Go to the line containing "Turquoise size 7/8 shorts" in the material below. From there to the end, retype every line exactly and drop the pictures.

(EXERCISE MATERIALS)

::::

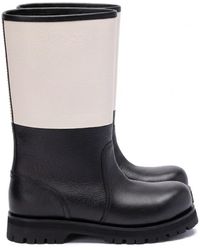 Gucci - Grisou Leather Boots - Lyst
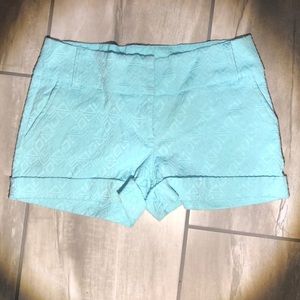Turquoise size 7/8 shorts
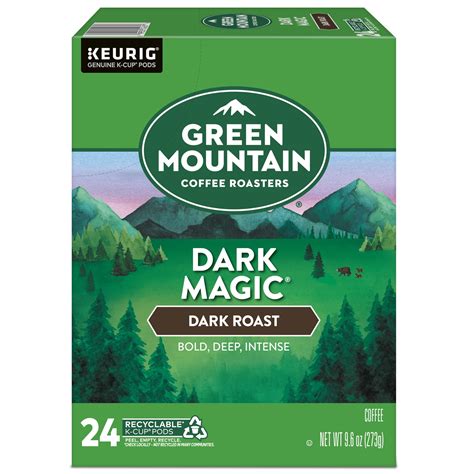 Green Mountain Coffee Roasters Dark Magic Blend, Dark Roast K-Cup ...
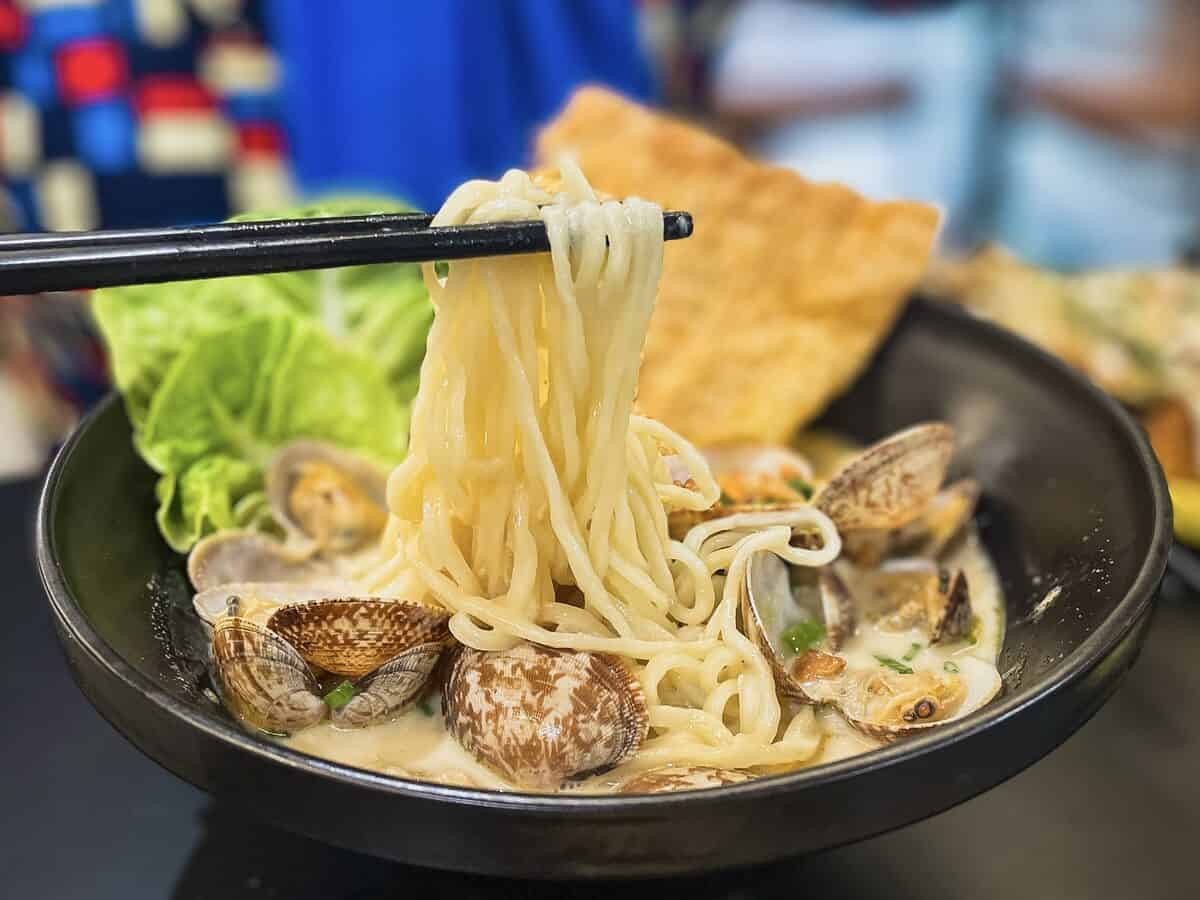 Butter Kaya - Buttermilk Clam Noodles
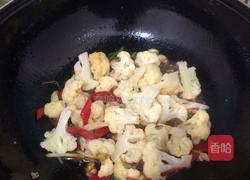 紅燒菜花的做法圖解6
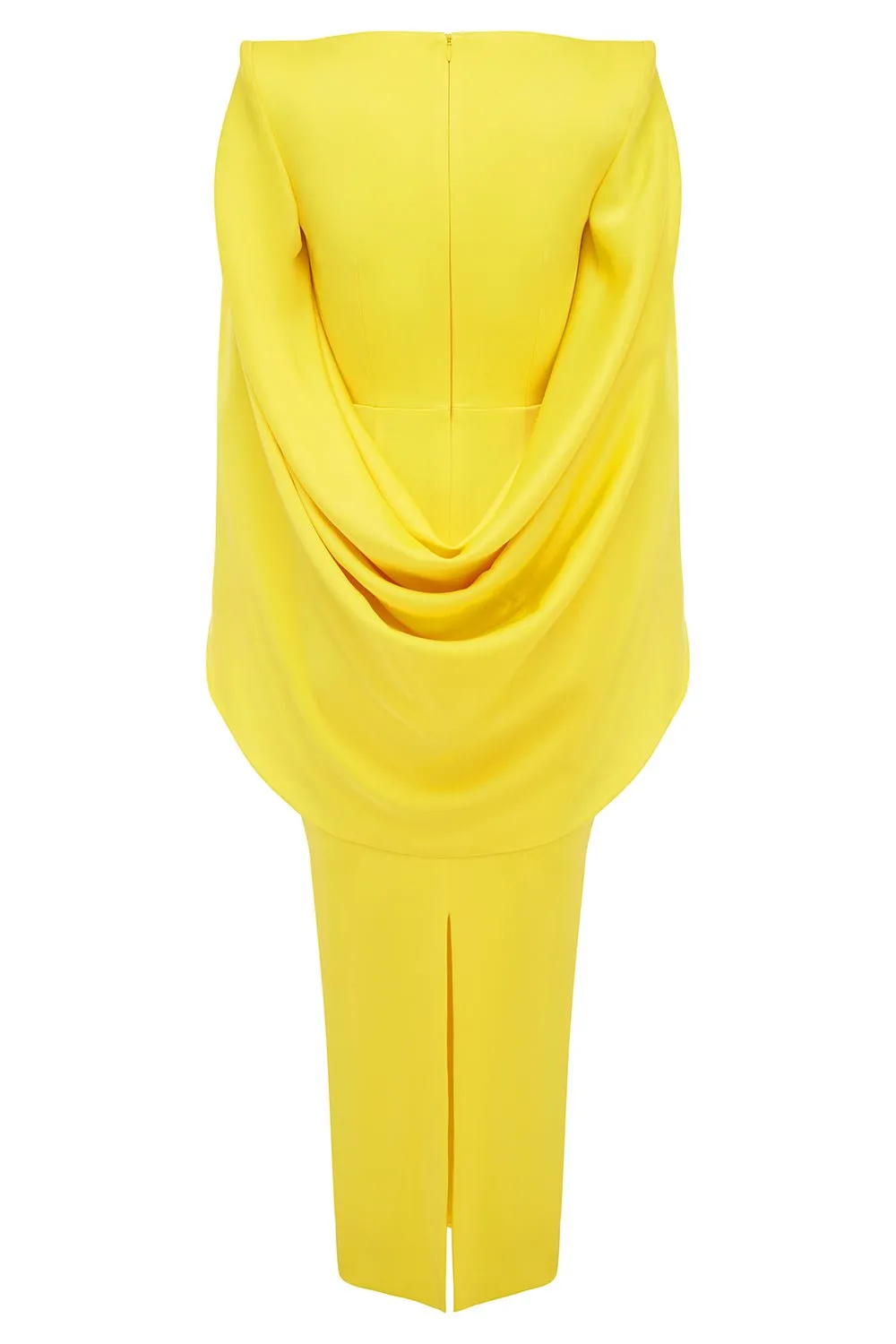 Portrait Cape Dress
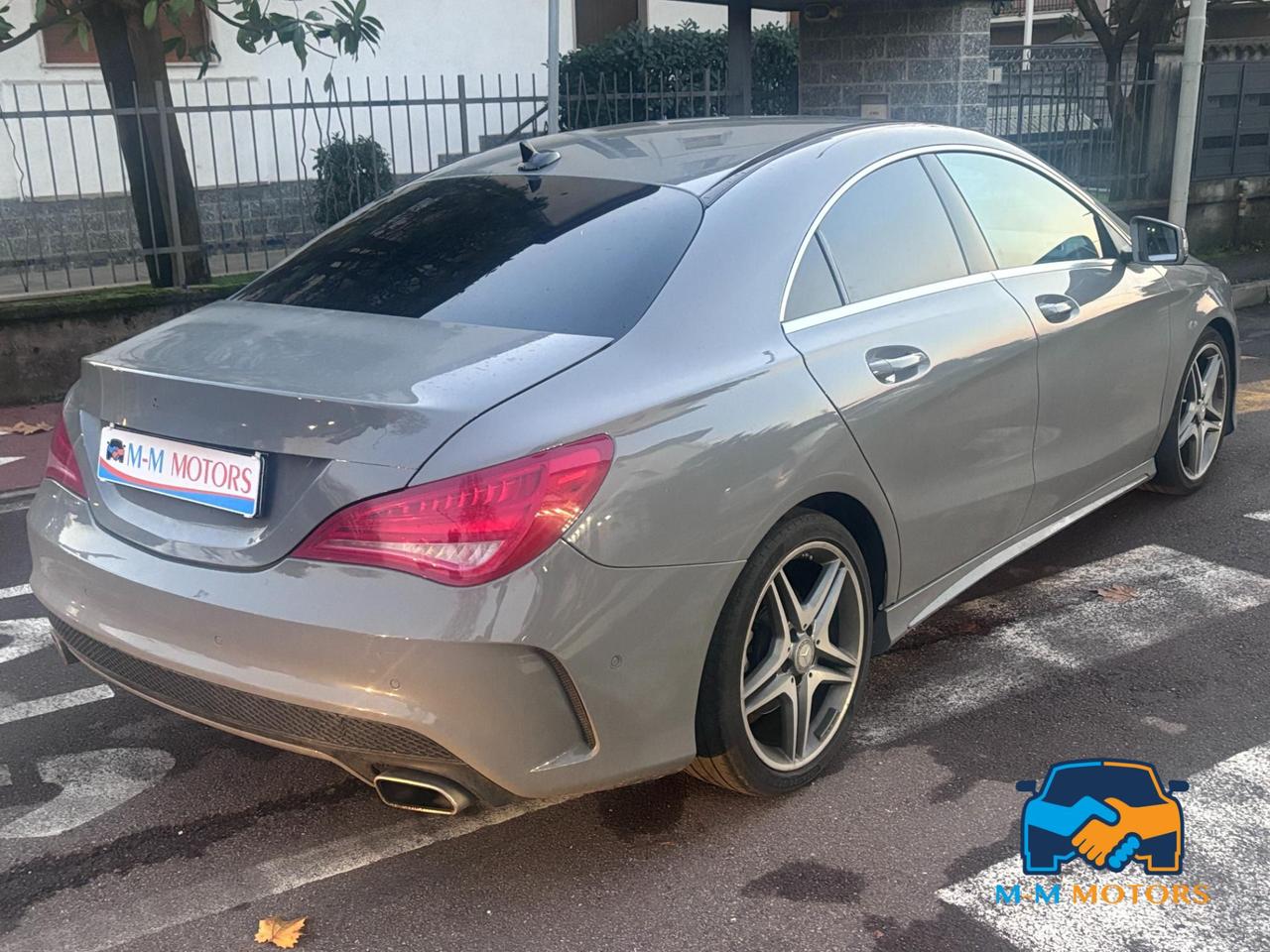 Mercedes CLA Berlina CLA 200 d (cdi) Sport auto
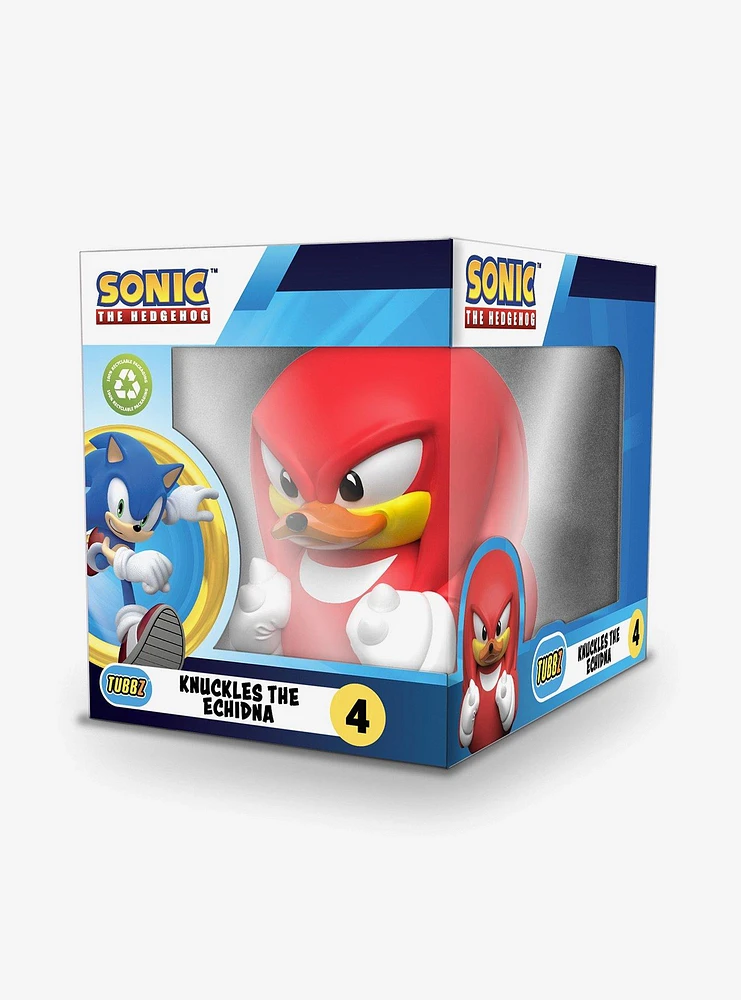 TUBBZ Sonic The Hedgehog Knuckles Cosplaying Duck Figure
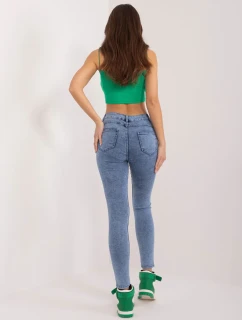 Džínsové nohavice NM SP L12.14X modré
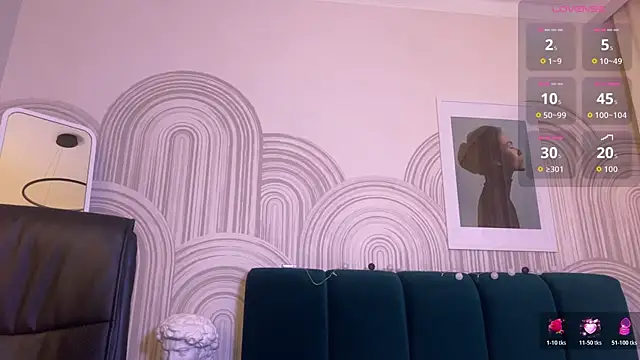 viviann evans online show from 1, 12, 2025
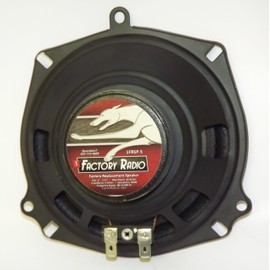 1 Factory Radio 5" 5 1/4" Car Truck Replacement Speaker for Various Vehicles - 5.25 inch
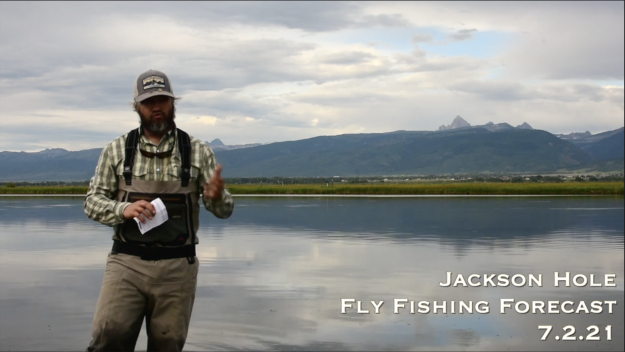 Jackson Hole Fly Fishing Forecast 7.2.21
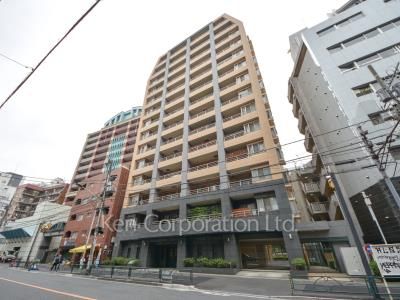 ルモンド恵比寿の写真 外観ひき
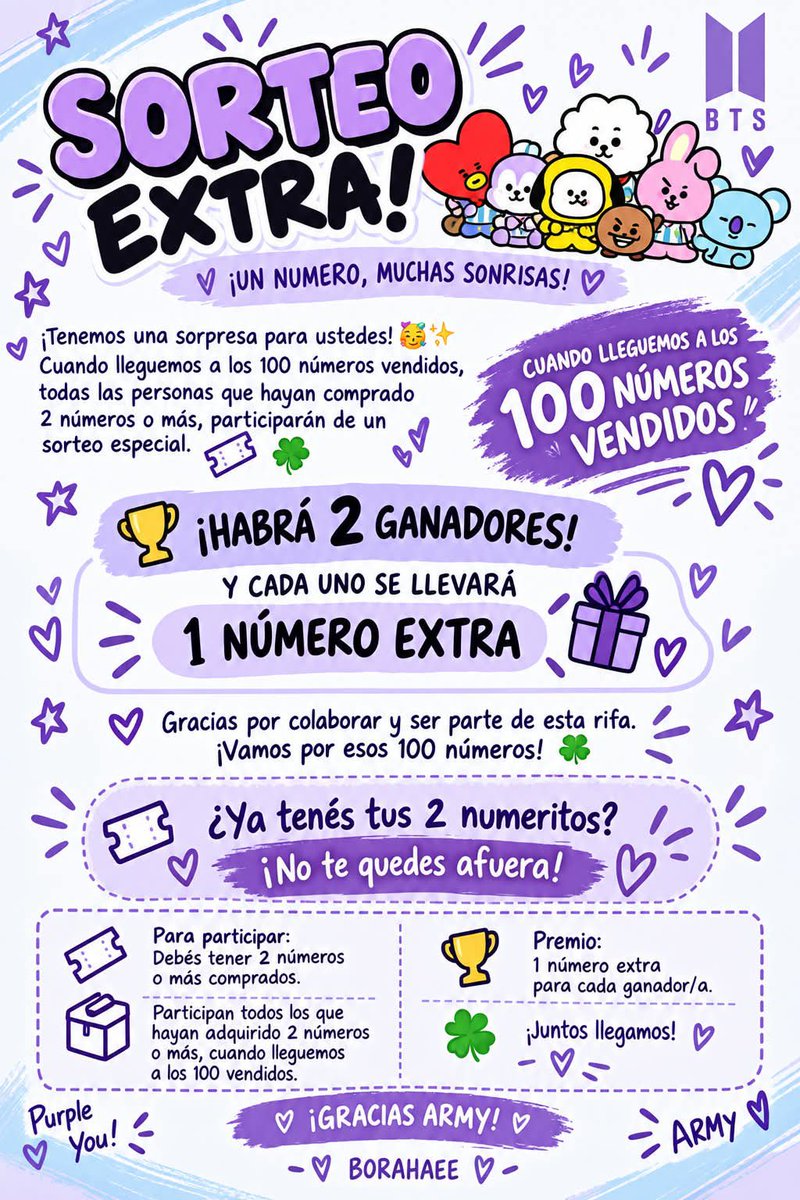mnichonguki's tweet photo. CHICAS, una amiga está sorteando una entrada para cabecera el 24, un ab y una remerita de arg, LEAN EL FLYER, son premios increíbles 🙏🏻 https://t.co/1J6kUvSWGs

::::

(SOLUTION)
Turquoise size 7/8 shorts
 Green Mountain Coffee Roasters Dark Magic Blend, Dark Roast K-Cup ...
 Butter Kaya - Buttermilk Clam Noodles
 紅燒菜花的做法圖解6
 Portrait Cape Dress
 Mercedes CLA Berlina CLA 200 d (cdi) Sport auto
 TUBBZ Sonic The Hedgehog Knuckles Cosplaying Duck Figure
 Džínsové nohavice NM SP L12.14X modré
 viviann evans online show from 1, 12, 2025
 1 Factory Radio 5" 5 1/4" Car Truck Replacement Speaker for Various Vehicles - 5.25 inch
 Jackson Hole Fly Fishing Forecast 7.2.21
 ルモンド恵比寿の写真 外観ひき
mnichonguki's tweet photo. CHICAS, una amiga está sorteando una entrada para cabecera el 24, un ab y una remerita de arg, LEAN EL FLYER, son premios increíbles 🙏🏻 https://t.co/1J6kUvSWGs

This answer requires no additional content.